• **Requirement**:
The line containing "Additional Photo" and each line after it, through the final line of the data, are to be retyped exactly, with pictures left out.

• **Material for this exercise**:
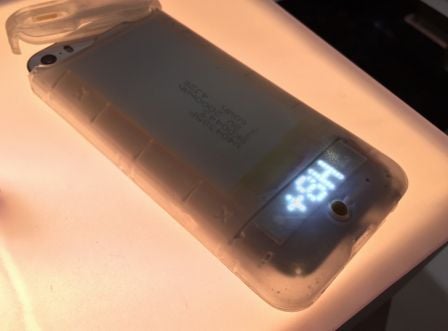 coque-iphone-pure-2.jpg, 2011 coque-iphone-pure-2.jpg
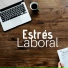 Banco de Trabajo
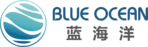 Blue Sea Faucet & Hardware Manufacturer | 27 Years of Sanitary Ware Expertise
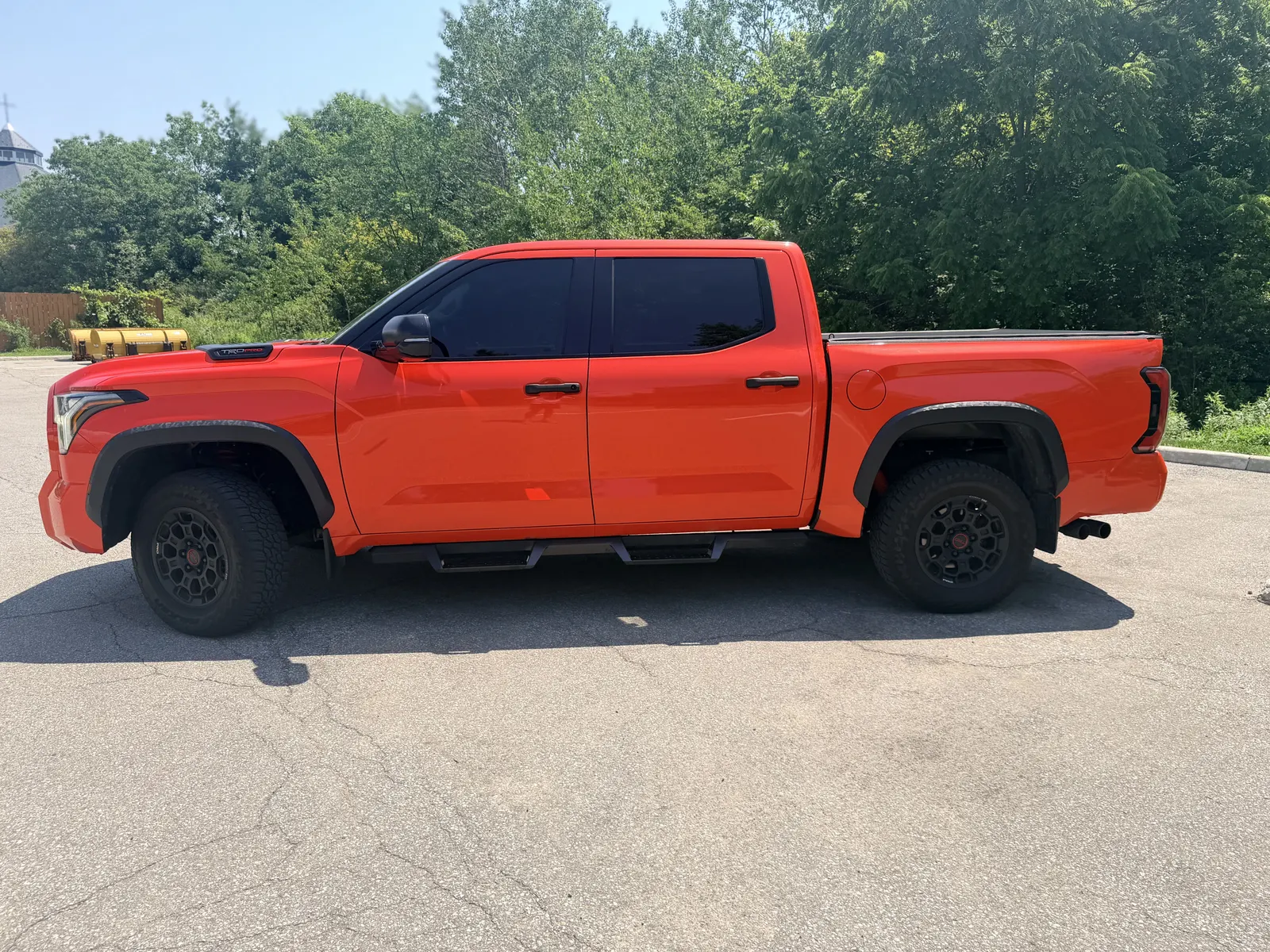 Additional Photo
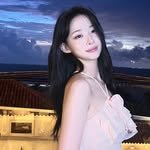 kimchaxwon 프로필 사진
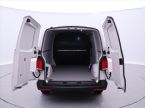 Volkswagen Transporter - fotka číslo 8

• **Answer to this problem**:
 Additional Photo
 kimchaxwon 프로필 사진
 Volkswagen Transporter - fotka číslo 8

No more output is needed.